### Your objective
Your answer should be the lines below from the one holding "a scene spider" through the one holding "Spice Islands Ground Coriander, 1.7 Ounce", copied exactly and with nothing else.

### Data shown

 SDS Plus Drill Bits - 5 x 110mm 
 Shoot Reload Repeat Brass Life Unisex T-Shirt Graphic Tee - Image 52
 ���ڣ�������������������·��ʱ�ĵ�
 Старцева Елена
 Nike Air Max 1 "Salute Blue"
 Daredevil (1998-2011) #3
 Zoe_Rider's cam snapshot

==

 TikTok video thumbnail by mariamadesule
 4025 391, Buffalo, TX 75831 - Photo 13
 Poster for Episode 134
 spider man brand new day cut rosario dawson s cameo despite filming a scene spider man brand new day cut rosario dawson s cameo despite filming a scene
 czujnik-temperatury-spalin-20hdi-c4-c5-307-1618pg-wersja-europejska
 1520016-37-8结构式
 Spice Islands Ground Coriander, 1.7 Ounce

### Solution
 spider man brand new day cut rosario dawson s cameo despite filming a scene spider man brand new day cut rosario dawson s cameo despite filming a scene
 czujnik-temperatury-spalin-20hdi-c4-c5-307-1618pg-wersja-europejska
 1520016-37-8结构式
 Spice Islands Ground Coriander, 1.7 Ounce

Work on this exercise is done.